A lawyer is just one entry of the long list of things Special Ed is not.
Ableist slurs are no better than racist ones.
So stop making either kind.
Jim Crow nullification?
Yeah, letting white terrorists off the hook and ignoring due process for blacks in the Jim Crow South. That's what Ed is invoking, because he's a ridiculous man who is very angry at this verdict for reasons best left unsaid.
The Scottsboro boys was Jim Crow #believewomen, not nullification. But we should be angry to the extent rioting and comments by people like Maxine Watters call the verdict, which I agree with, into question.
Split hairs all you want, that’s nothing like what’s happening today in either metoo nor this trial.
Jesus, dude.
You've completely internalised the process of moralising (I was going to say reasoning, but it's not even that) through forced equivalence at this point.
Silly me, I actually believe that people are entitled to a *fair* trial...
No, you quite clearly want white cop to be able to kill black guy and get away with it.
Because you're kinda awful.
I don't think Ed's preference necessarily includes "cop". I'm sure that in his "mind", nobody murdered Ahmaud Arbery, either (for the slow, all that Ed needs for "not guilty" is "white guy killed black guy")
Agents of the failed dumbass prosecutor vs agents of the Chinese Commie Party. Tough choice.

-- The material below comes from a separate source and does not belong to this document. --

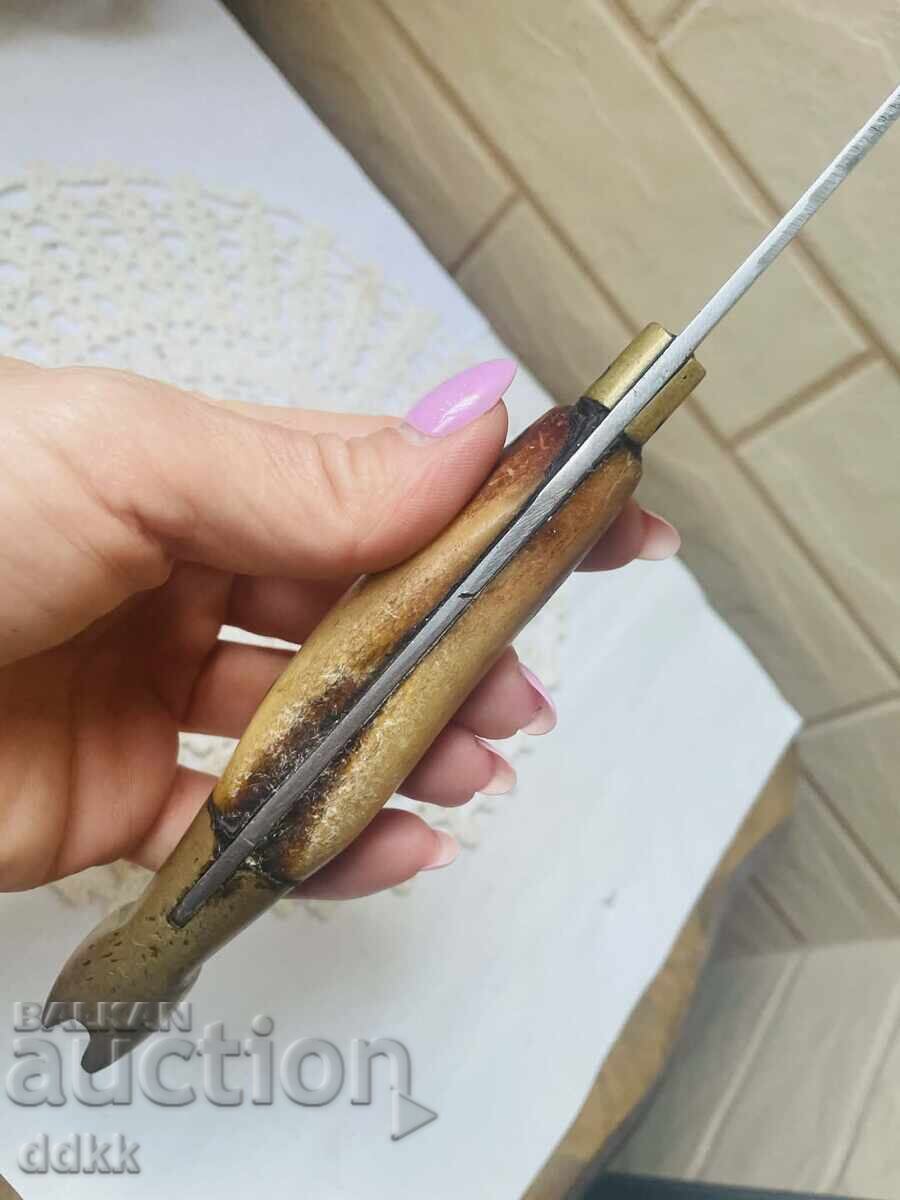 Beautiful steel knife with brass and dog head - 6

Minneapolis will be Baltimored. The police answers 911 calls, takes a report, file it. Period. They do nothing else. After Baltimore was Fergusoned by Ivy indoctrinated scumbag, Rod Rosenstein, the surge in murders was 2 orders of magnitude greater than police murders of blacks.
No, I can see an outright police strike over this.
Maybe a "Blue Flu", maybe an outright strike -- but the conviction on the 2nd degree charge is bullshyte.
No justice for the 35000 white women raped by black men, with no black women raped by white men. No justice for the 3 fold greater number of white men murdered by black criminals, compared to the reverse, including police homicides.
Incoherent and race baiting, two flavors that so often go together!
Queenie, you are quite safe from sexual victimization.
I don't know, your mom can be quite aggressive...
QA,
It is not worth arguing with a fool.
I give you facts. You reply with epithets. You sound frustrated.
It might be frustrating, if you had the ability to recognize facts, a premise for which there is no evidence.
David,
I am not frustrated at all. The verdict that I expected bsed on the facts of the case was reached.
I almost could feel sorry for you, David.
The white jurors were afraid for their lives after going home this weekend.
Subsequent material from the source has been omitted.